TASK STATEMENT: Leave the pictures out and restate every line below exactly.
[DATASET EXCERPT — start]
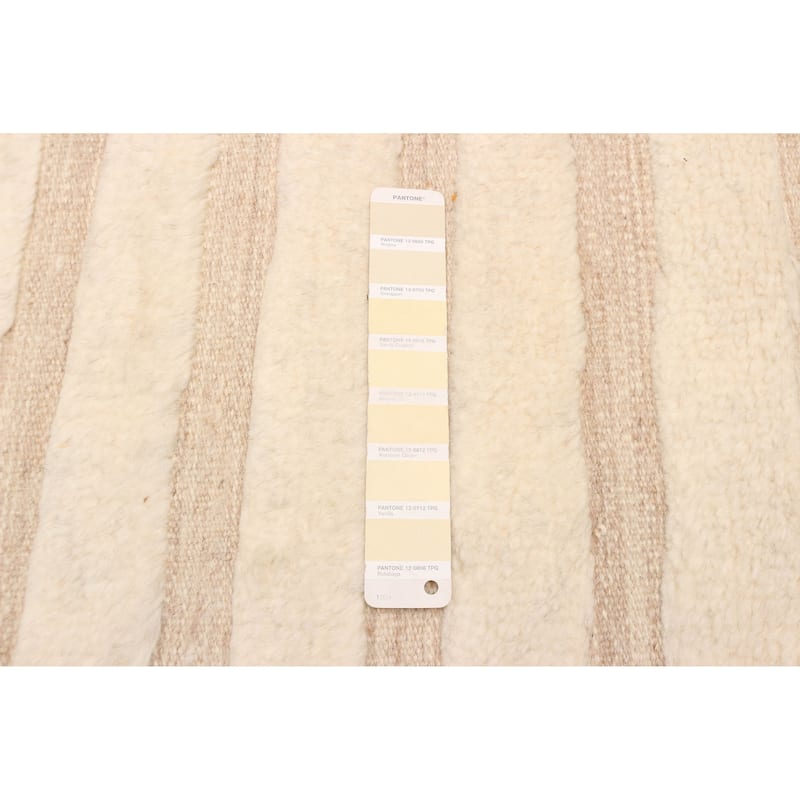 ECARPETGALLERY Hand-knotted Tangier Cream Wool Rug - 8'0 x 9'11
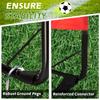 L RUNNZER Portable Soccer Goals, Kids Soccer Nets for Backyard for Training & Practice, Soccer Net for Kids with Carry Bag, 2 Set, 66 x 3.3, Red view 4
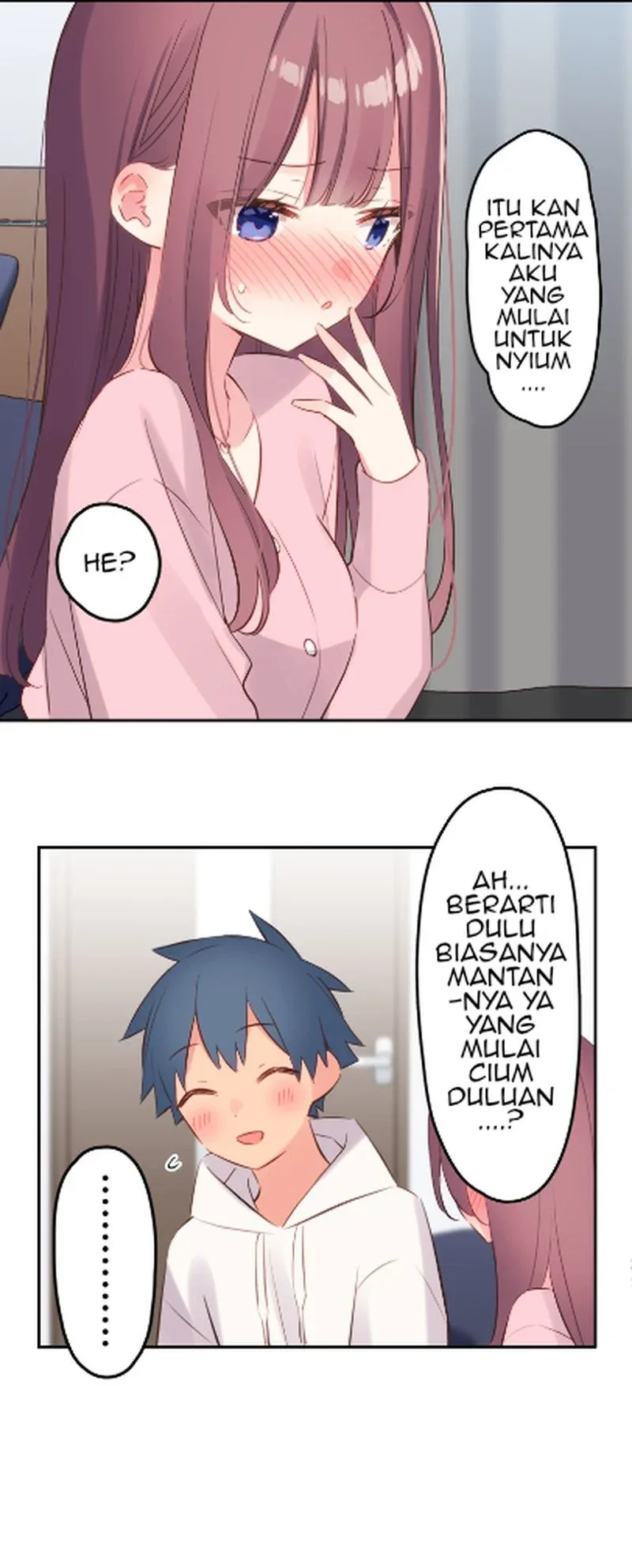 Halaman 37 — Waka-chan Is Flirty Again Chapter 142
[DATASET EXCERPT — finish]
EXERCISE RESPONSE:
 ECARPETGALLERY Hand-knotted Tangier Cream Wool Rug - 8'0 x 9'11
 L RUNNZER Portable Soccer Goals, Kids Soccer Nets for Backyard for Training & Practice, Soccer Net for Kids with Carry Bag, 2 Set, 66 x 3.3, Red view 4
 Halaman 37 — Waka-chan Is Flirty Again Chapter 142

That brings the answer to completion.